> [Exercise material]:
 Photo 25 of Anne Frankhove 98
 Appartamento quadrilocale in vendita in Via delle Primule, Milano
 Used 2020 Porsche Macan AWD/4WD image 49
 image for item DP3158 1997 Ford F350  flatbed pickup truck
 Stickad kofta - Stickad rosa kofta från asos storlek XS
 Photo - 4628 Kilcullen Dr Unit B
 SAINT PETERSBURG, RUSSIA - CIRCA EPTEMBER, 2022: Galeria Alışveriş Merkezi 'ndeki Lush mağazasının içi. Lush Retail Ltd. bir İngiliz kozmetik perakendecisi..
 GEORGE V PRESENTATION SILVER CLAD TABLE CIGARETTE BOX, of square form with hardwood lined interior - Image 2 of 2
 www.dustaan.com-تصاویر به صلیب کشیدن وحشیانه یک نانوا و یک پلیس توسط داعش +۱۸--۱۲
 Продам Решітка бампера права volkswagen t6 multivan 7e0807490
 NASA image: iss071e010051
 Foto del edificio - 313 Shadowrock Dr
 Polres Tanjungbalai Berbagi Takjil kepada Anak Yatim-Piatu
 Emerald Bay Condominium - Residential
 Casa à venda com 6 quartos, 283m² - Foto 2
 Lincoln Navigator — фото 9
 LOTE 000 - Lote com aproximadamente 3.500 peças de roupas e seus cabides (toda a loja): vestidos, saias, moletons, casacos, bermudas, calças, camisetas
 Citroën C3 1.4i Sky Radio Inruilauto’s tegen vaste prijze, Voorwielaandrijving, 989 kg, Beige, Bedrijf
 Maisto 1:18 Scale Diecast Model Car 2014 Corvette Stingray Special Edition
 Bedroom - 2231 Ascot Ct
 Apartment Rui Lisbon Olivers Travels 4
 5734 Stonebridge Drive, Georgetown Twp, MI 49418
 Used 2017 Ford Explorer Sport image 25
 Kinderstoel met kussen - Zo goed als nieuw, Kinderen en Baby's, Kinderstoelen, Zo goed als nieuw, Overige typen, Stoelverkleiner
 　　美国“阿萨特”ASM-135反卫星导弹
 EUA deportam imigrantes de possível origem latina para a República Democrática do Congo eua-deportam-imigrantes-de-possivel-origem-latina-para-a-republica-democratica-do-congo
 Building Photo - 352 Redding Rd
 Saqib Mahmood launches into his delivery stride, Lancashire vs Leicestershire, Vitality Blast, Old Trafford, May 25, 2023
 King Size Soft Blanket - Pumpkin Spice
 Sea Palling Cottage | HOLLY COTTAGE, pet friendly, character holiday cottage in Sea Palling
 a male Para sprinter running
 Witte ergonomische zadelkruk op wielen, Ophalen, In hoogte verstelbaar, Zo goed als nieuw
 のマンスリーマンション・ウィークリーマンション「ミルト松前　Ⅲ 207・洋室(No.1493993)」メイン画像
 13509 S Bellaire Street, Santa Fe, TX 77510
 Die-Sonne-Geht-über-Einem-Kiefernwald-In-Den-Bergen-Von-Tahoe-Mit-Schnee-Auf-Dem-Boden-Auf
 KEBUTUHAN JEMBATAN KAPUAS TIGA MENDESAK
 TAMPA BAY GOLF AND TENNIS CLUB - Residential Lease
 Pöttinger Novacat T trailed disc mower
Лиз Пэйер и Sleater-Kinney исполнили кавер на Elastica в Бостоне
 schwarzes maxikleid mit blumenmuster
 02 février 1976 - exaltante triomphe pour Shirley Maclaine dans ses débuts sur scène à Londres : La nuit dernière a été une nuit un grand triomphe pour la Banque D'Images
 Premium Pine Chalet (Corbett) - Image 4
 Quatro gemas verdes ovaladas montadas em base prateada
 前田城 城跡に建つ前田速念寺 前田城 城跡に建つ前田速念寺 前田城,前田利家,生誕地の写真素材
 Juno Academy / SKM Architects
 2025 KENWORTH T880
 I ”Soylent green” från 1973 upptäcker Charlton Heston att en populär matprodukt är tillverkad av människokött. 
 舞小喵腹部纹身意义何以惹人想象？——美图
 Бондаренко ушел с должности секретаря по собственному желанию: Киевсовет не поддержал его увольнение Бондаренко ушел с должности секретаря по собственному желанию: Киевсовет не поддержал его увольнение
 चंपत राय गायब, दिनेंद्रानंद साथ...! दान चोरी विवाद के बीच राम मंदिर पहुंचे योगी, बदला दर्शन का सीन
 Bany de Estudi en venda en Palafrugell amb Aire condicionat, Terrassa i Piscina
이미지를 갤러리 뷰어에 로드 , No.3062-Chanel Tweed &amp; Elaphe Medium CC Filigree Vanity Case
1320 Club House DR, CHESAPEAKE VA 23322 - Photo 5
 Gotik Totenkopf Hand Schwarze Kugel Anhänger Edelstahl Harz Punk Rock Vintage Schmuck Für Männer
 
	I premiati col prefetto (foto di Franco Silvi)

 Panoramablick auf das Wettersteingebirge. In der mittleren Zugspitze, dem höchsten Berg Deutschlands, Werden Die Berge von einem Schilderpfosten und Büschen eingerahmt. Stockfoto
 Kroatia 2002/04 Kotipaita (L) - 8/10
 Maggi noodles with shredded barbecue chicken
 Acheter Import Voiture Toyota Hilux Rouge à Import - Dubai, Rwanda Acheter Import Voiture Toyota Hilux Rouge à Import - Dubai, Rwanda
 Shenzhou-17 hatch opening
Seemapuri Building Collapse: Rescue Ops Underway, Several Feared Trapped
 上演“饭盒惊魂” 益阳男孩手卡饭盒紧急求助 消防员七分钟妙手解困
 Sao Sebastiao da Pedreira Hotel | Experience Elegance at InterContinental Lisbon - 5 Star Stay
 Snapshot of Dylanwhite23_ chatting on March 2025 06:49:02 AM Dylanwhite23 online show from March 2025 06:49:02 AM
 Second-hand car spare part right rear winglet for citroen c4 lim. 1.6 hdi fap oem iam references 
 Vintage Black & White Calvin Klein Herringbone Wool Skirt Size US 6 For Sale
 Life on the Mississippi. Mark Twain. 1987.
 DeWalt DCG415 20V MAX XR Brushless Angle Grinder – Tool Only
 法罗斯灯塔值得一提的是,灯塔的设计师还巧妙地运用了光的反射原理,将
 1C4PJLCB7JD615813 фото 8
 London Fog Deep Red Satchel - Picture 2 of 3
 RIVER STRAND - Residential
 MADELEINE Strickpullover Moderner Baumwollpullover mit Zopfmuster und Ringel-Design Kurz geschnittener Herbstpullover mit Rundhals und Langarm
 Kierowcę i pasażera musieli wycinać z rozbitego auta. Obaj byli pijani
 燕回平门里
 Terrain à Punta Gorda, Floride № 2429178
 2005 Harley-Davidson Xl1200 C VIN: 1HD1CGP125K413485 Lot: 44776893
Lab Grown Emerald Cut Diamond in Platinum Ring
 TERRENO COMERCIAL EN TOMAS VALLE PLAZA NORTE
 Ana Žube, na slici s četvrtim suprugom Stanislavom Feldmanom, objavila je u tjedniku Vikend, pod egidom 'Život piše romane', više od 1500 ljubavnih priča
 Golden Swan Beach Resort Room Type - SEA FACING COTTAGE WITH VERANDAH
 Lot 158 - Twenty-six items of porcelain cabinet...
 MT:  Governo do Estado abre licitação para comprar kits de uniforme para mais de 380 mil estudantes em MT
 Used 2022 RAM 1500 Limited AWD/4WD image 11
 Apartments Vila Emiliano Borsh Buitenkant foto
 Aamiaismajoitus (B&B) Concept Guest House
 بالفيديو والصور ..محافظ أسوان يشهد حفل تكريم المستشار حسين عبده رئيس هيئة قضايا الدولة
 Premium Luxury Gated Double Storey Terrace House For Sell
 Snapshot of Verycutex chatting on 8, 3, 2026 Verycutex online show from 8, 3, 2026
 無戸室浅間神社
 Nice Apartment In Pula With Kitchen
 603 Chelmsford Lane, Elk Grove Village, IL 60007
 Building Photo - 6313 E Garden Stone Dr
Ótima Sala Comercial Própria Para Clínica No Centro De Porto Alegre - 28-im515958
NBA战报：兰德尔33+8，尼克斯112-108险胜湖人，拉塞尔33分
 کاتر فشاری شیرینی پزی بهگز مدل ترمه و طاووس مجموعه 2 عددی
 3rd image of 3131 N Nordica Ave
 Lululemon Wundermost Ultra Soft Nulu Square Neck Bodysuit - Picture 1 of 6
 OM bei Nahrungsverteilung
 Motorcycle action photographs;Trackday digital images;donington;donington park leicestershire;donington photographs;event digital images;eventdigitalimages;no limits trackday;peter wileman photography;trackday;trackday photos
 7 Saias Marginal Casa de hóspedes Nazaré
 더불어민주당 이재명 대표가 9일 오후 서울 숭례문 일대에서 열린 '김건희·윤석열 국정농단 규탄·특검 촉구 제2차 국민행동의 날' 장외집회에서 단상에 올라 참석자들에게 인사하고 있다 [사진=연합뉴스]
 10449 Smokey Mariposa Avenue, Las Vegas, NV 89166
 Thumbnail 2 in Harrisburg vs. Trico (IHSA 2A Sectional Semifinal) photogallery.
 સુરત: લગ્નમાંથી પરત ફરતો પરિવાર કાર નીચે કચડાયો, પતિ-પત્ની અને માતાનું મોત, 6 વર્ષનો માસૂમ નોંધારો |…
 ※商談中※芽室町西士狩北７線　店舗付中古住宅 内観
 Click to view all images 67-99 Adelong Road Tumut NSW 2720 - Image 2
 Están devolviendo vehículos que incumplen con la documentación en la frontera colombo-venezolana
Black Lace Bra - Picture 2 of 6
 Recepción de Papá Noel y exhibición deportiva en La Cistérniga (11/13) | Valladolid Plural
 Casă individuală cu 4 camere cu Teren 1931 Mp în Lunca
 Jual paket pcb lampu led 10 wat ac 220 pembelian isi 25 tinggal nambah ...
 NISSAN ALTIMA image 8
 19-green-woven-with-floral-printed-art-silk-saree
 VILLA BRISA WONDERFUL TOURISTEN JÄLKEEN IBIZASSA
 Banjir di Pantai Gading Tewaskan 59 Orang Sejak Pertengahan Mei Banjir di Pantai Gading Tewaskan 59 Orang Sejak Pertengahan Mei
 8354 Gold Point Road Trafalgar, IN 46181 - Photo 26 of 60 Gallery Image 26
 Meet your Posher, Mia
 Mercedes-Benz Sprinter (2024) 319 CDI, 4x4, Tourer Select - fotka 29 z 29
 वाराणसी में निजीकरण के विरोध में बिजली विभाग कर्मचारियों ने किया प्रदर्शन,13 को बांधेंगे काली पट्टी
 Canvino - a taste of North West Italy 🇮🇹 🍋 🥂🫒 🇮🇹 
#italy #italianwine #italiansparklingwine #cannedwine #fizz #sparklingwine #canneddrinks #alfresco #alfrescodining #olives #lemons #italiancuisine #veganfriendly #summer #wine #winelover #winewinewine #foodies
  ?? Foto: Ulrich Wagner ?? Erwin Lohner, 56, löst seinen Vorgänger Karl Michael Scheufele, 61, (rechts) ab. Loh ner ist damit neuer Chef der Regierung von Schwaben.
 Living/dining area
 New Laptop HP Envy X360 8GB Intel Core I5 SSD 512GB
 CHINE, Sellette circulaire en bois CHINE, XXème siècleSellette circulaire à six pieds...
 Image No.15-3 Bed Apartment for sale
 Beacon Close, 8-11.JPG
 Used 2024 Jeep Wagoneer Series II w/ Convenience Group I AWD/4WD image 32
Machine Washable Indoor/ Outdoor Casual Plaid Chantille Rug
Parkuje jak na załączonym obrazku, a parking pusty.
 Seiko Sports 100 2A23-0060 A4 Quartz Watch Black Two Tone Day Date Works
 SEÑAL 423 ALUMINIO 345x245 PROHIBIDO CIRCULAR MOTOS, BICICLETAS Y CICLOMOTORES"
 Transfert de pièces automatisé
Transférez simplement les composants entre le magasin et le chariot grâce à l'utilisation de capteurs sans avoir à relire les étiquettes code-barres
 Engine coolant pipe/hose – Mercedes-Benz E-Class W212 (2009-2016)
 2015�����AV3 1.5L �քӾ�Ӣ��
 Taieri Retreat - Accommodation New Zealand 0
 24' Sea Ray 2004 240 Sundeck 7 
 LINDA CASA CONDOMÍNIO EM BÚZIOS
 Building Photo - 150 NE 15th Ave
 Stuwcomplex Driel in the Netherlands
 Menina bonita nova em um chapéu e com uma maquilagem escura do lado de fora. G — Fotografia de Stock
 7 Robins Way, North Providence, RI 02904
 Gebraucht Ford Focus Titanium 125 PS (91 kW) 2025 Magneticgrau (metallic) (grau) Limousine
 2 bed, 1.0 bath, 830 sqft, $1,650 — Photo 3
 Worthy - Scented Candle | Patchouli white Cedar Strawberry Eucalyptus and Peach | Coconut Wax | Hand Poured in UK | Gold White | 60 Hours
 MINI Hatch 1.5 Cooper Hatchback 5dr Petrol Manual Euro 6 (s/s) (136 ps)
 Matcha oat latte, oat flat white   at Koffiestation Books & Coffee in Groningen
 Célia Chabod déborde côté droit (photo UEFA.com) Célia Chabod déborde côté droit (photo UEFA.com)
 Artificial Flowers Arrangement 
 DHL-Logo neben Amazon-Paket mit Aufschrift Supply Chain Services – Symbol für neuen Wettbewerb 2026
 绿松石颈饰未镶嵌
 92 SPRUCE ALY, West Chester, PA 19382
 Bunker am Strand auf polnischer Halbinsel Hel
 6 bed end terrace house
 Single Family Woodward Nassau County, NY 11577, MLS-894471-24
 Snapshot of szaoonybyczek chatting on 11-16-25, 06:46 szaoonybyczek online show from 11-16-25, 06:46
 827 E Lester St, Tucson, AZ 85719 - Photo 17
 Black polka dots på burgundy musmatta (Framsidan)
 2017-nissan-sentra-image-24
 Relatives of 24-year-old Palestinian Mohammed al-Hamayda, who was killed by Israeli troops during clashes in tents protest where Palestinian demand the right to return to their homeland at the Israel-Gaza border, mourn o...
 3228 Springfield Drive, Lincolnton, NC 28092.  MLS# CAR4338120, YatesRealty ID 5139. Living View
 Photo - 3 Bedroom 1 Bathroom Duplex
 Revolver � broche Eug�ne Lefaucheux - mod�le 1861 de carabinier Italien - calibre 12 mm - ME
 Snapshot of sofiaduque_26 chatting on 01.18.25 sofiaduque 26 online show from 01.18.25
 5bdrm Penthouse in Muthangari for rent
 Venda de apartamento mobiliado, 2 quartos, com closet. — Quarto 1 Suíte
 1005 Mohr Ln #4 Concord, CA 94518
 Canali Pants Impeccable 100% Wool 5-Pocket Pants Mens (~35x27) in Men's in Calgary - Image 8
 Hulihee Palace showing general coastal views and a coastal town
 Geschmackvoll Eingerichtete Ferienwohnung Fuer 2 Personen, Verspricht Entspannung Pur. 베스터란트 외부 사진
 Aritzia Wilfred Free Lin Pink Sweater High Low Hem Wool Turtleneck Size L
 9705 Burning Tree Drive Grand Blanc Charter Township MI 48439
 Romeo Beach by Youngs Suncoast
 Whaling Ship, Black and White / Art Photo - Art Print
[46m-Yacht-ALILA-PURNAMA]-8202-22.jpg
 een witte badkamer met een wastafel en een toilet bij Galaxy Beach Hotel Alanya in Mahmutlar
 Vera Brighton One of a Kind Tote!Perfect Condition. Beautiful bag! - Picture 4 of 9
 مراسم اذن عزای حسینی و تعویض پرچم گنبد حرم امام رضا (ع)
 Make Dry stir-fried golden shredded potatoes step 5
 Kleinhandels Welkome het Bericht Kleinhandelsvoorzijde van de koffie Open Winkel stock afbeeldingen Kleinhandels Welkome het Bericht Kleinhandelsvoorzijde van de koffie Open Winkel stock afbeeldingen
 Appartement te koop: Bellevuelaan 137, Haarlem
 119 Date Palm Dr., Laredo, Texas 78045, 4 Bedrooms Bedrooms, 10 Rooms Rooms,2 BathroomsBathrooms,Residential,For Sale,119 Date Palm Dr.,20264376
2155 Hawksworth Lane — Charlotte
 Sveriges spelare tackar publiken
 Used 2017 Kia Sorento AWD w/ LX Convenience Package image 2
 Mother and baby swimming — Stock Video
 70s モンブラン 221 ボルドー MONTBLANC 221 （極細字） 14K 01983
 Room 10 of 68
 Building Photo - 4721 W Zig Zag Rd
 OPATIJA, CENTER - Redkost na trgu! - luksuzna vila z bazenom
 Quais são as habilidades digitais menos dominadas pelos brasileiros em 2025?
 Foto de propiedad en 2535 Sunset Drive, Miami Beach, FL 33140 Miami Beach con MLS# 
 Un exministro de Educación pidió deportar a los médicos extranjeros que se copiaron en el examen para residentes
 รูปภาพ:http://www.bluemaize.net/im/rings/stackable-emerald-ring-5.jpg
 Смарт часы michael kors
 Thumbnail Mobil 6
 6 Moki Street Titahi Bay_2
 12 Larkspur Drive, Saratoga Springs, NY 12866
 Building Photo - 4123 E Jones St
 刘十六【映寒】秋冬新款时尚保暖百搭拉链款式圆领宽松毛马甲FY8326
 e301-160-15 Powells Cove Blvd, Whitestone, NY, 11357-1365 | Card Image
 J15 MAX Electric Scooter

> [Aim of the task]:
For each line in the data above that contains the string "green", extract the line.

> [Problem solution]:
 I ”Soylent green” från 1973 upptäcker Charlton Heston att en populär matprodukt är tillverkad av människokött. 
 19-green-woven-with-floral-printed-art-silk-saree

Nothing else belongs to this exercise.